Crowdfunding in the United Kingdom & Europe
Even though Europe has many players in crowdfunding, especially within peer-to-peer lending, compared to the Americas and the Asia-Pacific, it is, in general, a small region. However, the UK is placed firmly as number three in the world with a worldwide market share of 3.40% with a funding volume of $10.4 bn and has one of the most well-established markets for crowdfunding in the world. Another high jumper on the list in 2018 is the Netherlands, ranked 4 in the world after an impressive growth in 2018, which resulted in a leap of six places on the list and a total crowdfunding volume of $1.81 bn up from $311.0 m in 2017. Other fairly big markets for crowdfunding in Europe are Germany and France, which are placed as #6 and #9 with funding volumes of 1.28 bn and 933.1 m, respectively.
Europe is well-represented on the Global Top 30 list but besides the UK (and to a certain degree a few other countries) the region mostly includes countries with smaller funding volumes. Countries from the European region that made it into this year’s Global Top 30-list were:
- United Kingdom – ranked 3 with a crowdfunding volume of $10.37 bn.

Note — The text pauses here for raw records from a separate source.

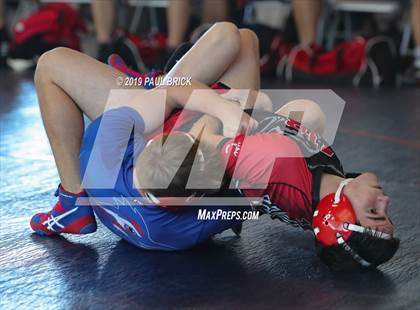 Thumbnail 2 in Westlake vs. Vista Ridge photogallery.
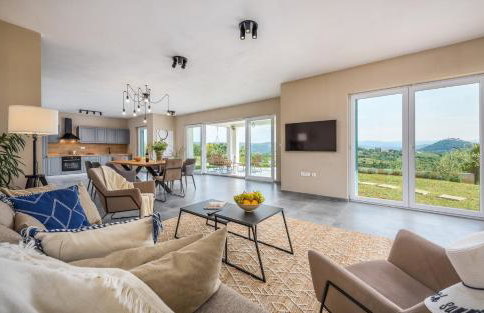 Motovun view villa - Foto 30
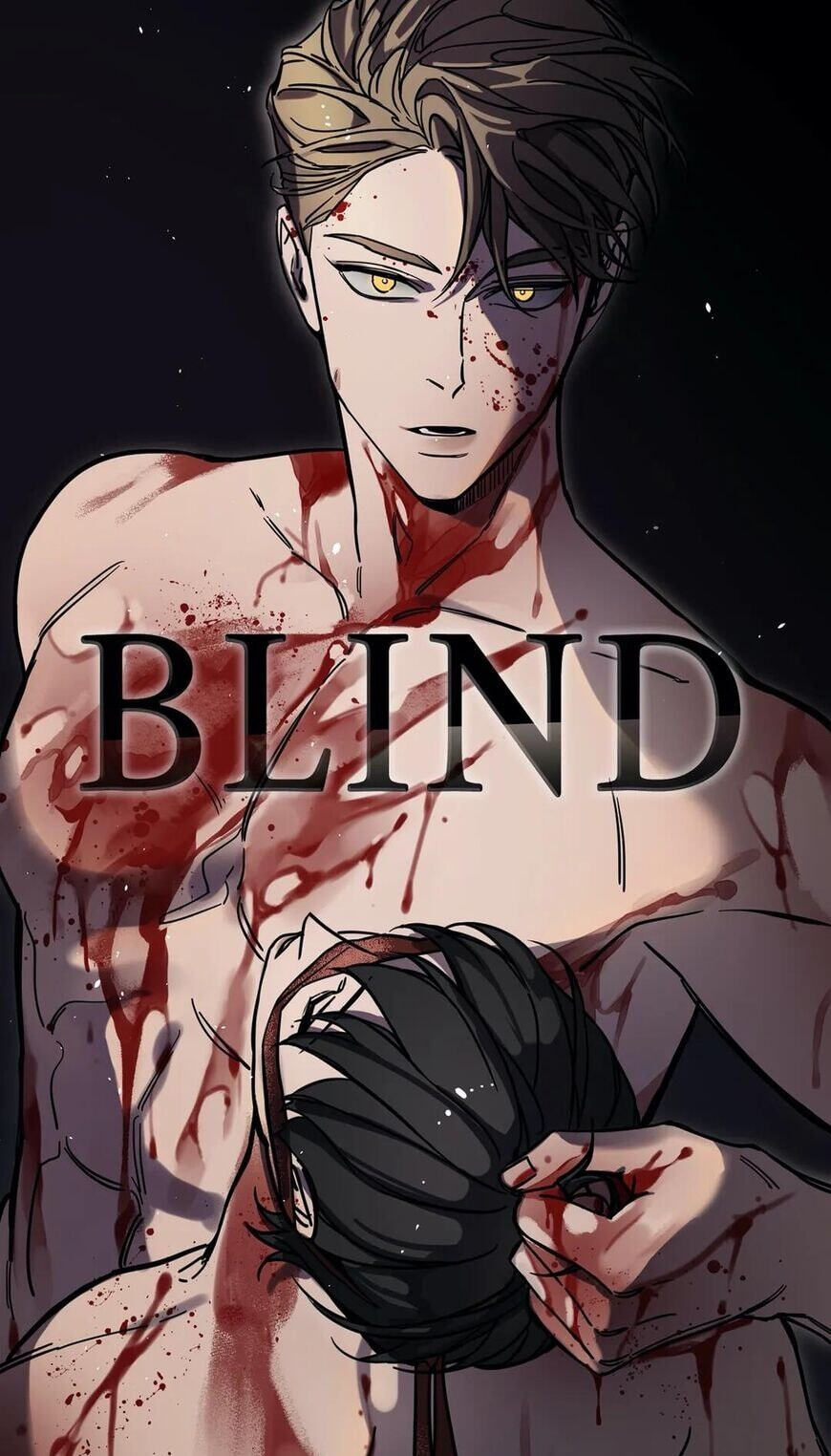 Read Blind Play chapter 4 image 11 on Lezhin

- Netherlands– ranked 4 with a crowdfunding volume of $1.81 bn.
- Germany – ranked 6 with a crowdfunding volume of $1.28 bn.
- France– ranked 9 with a crowdfunding volume of $933.1 m.

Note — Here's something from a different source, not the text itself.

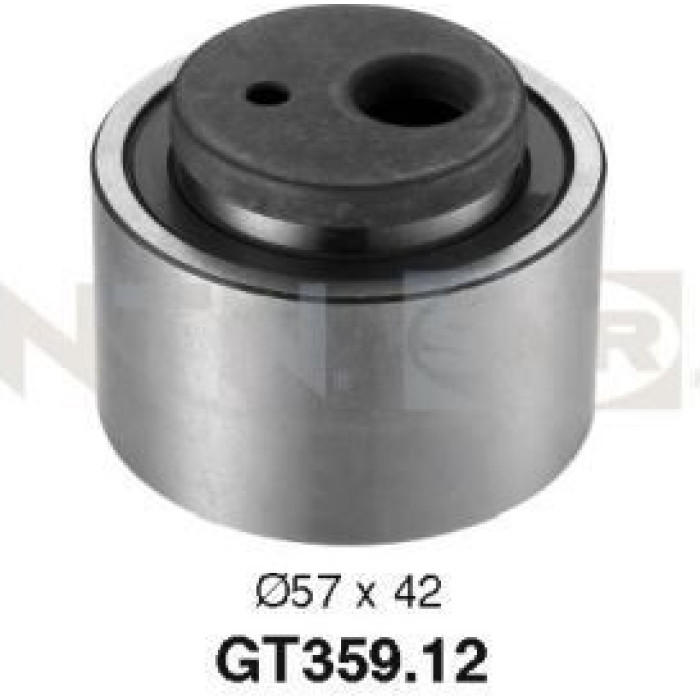 NTN-SNR GT359.12 Spannrolle, Zahnriemen NTN-SNR GT359.12 Spannrolle, Zahnriemen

- Italy – ranked 15 with a crowdfunding volume of $532.6 m.
- Spain – ranked 17 with a crowdfunding volume of $419.0 m.
- Finland – ranked 18 with a crowdfunding volume of $379.2 m.
- Poland – ranked 19 with a crowdfunding volume of $333.3 m.

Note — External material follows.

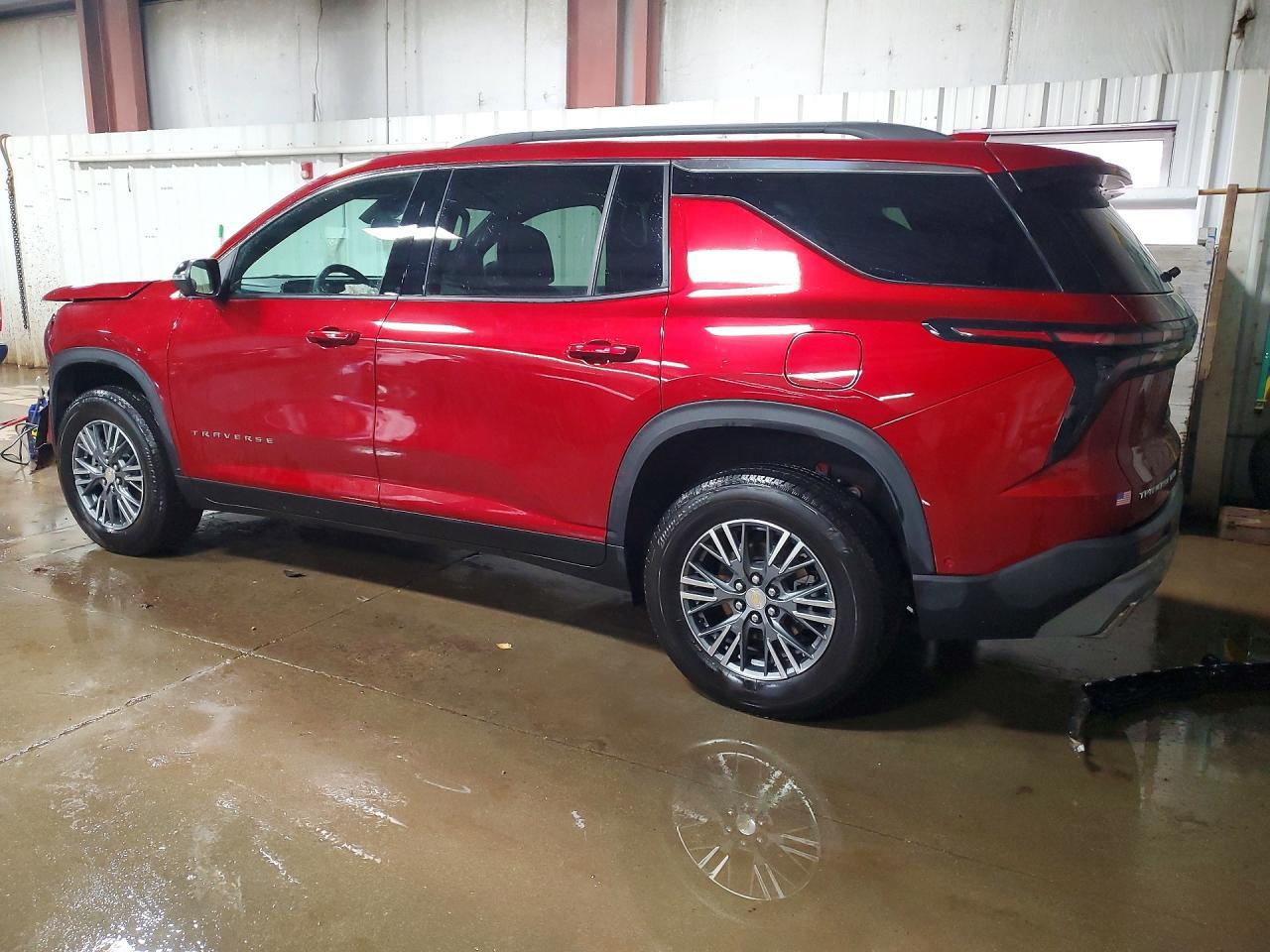 2024 Chevrolet Traverse Lt - zdjęcie 2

- Sweden– ranked 20 with a crowdfunding volume of $298.0 m.
- Latvia – ranked 23 with a crowdfunding volume of $254.5 m.
- Georgia – ranked 25 with a crowdfunding volume of $193.0 m.
- Armenia – ranked 27 with a crowdfunding volume of $184.0 m.
- Estonia – ranked 28 with a crowdfunding volume of $159.5 m.
- Denmark – ranked 30 with a crowdfunding volume of $144.7 m.
You can read more about crowdfunding in Europe here: Crowdfunding in Europe: Market Size by Country and Finance Model.
The Middle East
In the sample, the Middle East consisted of entries from Jordan, Bahrain, Syria, United Arab Emirates, Lebanon, Palestine, Kuwait, Saudi Arabia, Lebanon, Qatar, Iran, Israel, Yemen, Iraq. Israel continues to be the market leader for crowdfunding in the Middle East and accounted for the largest funding volume in six out of nine business models in the region. Even with Israel in the data sample, the Middle East has some of the lowest regional crowdfunding in the world. If we remove Israel from the statistics, it becomes even clearer that the Middle East contributes very little to the global crowdfunding volume. It is possible that adherence to Islamic finance practices is constraining developments in lending, but at the same time there is great unfulfilled potential in developing middle-income economies like e.g. Jordan and Lebanon. Not surprisingly, Israel was the only country to make it into this year’s Global Top 30-list:
- Israel – ranked 11 with a crowdfunding volume of $296.0 m.
After experiencing a decline in crowdfunding volumes of 42.8% in 2017, the region grew by 101.5% in 2018, from $103.8 m to $209.1 m. Platforms based outside Africa continues to be responsible for the largest share of crowdfunding in the region, but this year’s growth can also partially be attributed to the continued advance of platforms based inside Africa. The countries with the largest crowdfunding volumes in Africa are Zambia, Kenya, and South Africa. However, with yearly funding volumes in 2018 of $40 m, $35 m, and $27 m, respectively, none come close to making it into the Global Top 30-list.